→ **EXERCISE GOAL**
Retype the data below verbatim; pictures do not belong in the copy.

Source data:
══════════════════════════════
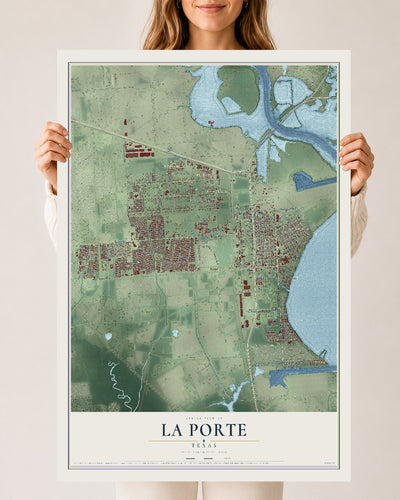 Map of La Porte, Texas, 24 x 36 inch unframed archival matte print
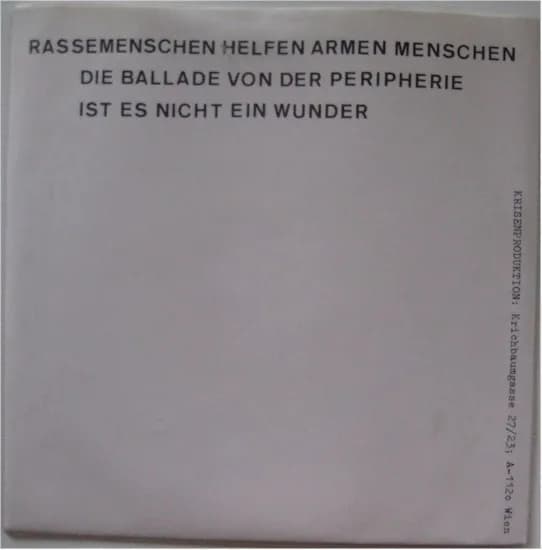 Rassemenschen Helfen Armen Menschen — Die Ballade Von Der Peripherie / Ist Es Nicht Ein Wunder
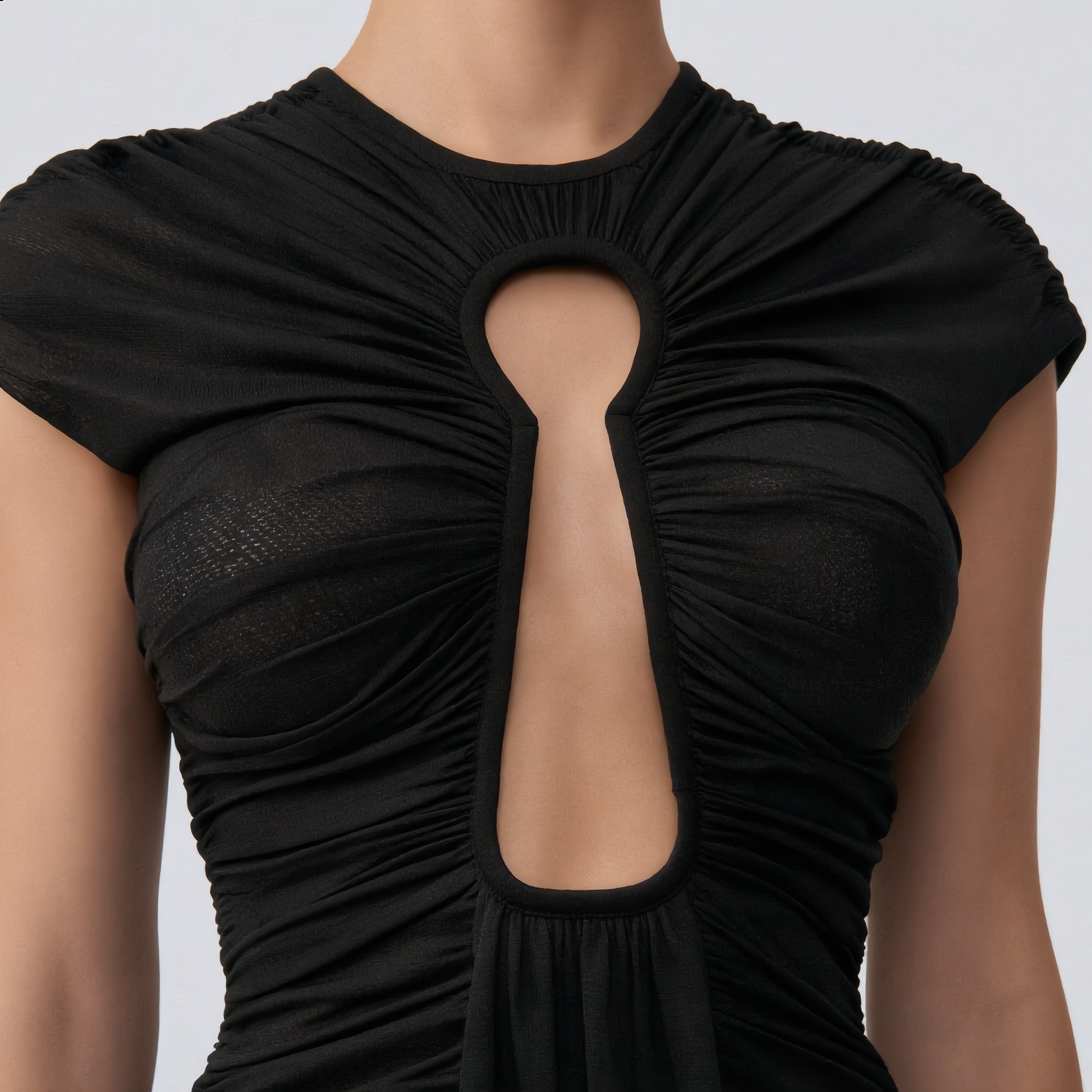 Sculpted Draped Evening Dress with Refined Cut-Out Detail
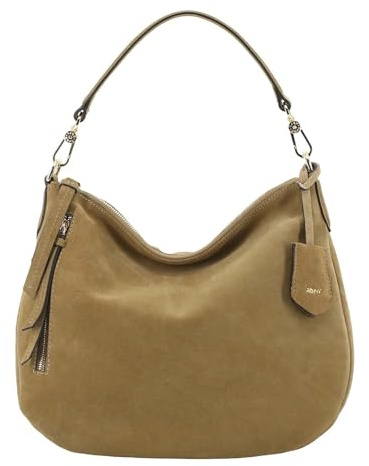 Abro Leder Schultertasche Umhängetasche Leather Suede Hobo Juna Bag Mud khaki
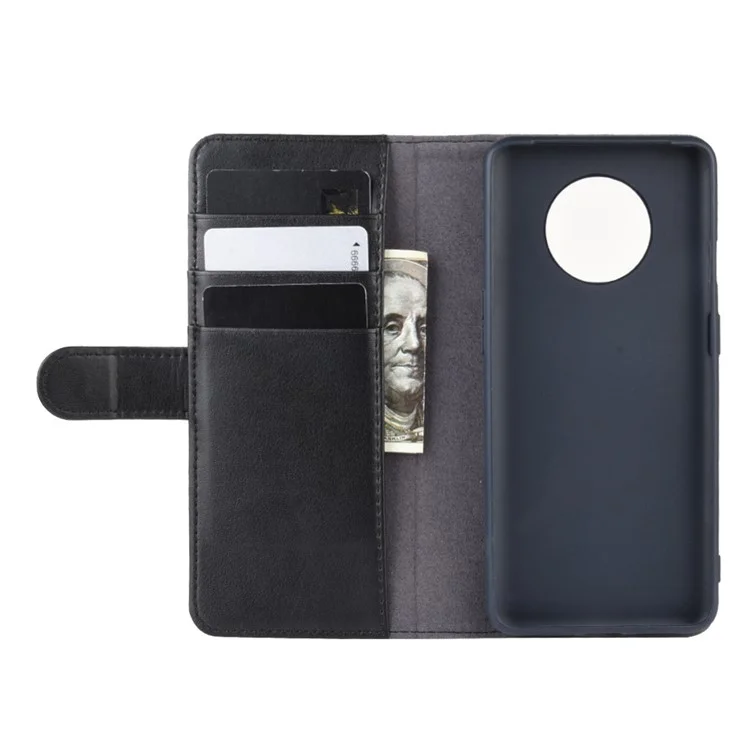 Genuine Split Leather Wallet Stand Protective Phone Cover for OnePlus 7T - Black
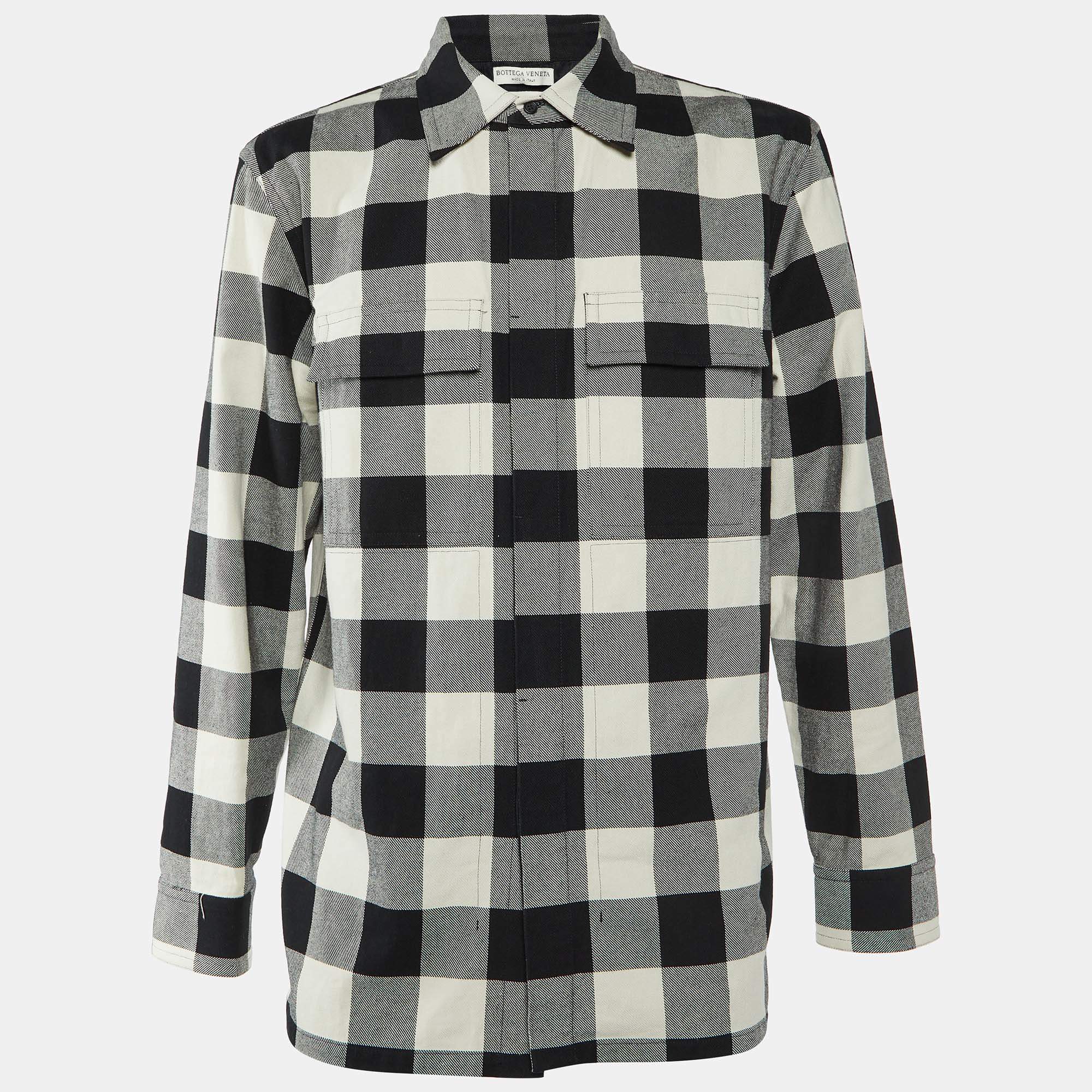 Pre Owned Bottega Veneta Monochrome Checked Cotton Oversized Shirt M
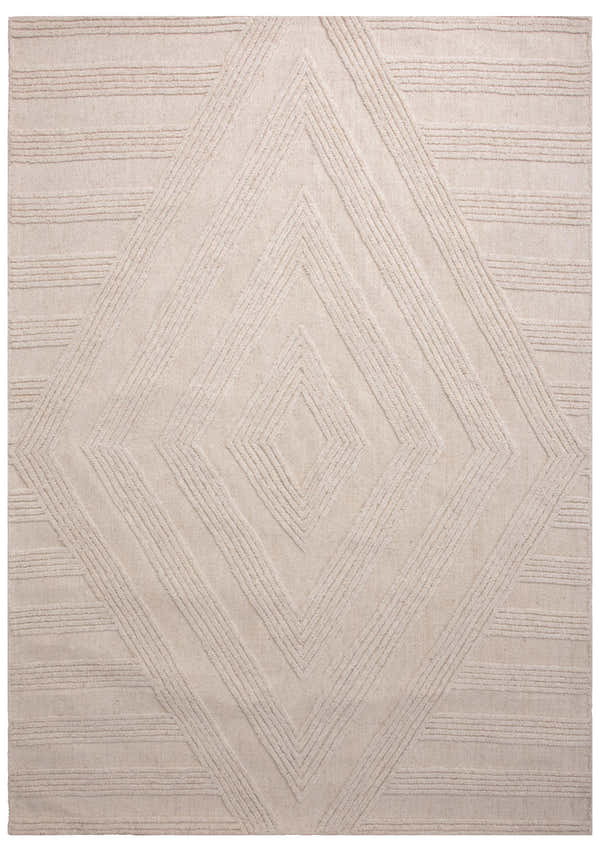 Close-up of the Rizzy RIO692 area rug. Ivory wool rug with a contemporary geometric diamond pattern and hand-tufted texture. Design-Rectangle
══════════════════════════════
→ **COMPLETED EXERCISE**
 Map of La Porte, Texas, 24 x 36 inch unframed archival matte print
 Rassemenschen Helfen Armen Menschen — Die Ballade Von Der Peripherie / Ist Es Nicht Ein Wunder
 Sculpted Draped Evening Dress with Refined Cut-Out Detail
 Abro Leder Schultertasche Umhängetasche Leather Suede Hobo Juna Bag Mud khaki
 Genuine Split Leather Wallet Stand Protective Phone Cover for OnePlus 7T - Black
 Pre Owned Bottega Veneta Monochrome Checked Cotton Oversized Shirt M
 Close-up of the Rizzy RIO692 area rug. Ivory wool rug with a contemporary geometric diamond pattern and hand-tufted texture. Design-Rectangle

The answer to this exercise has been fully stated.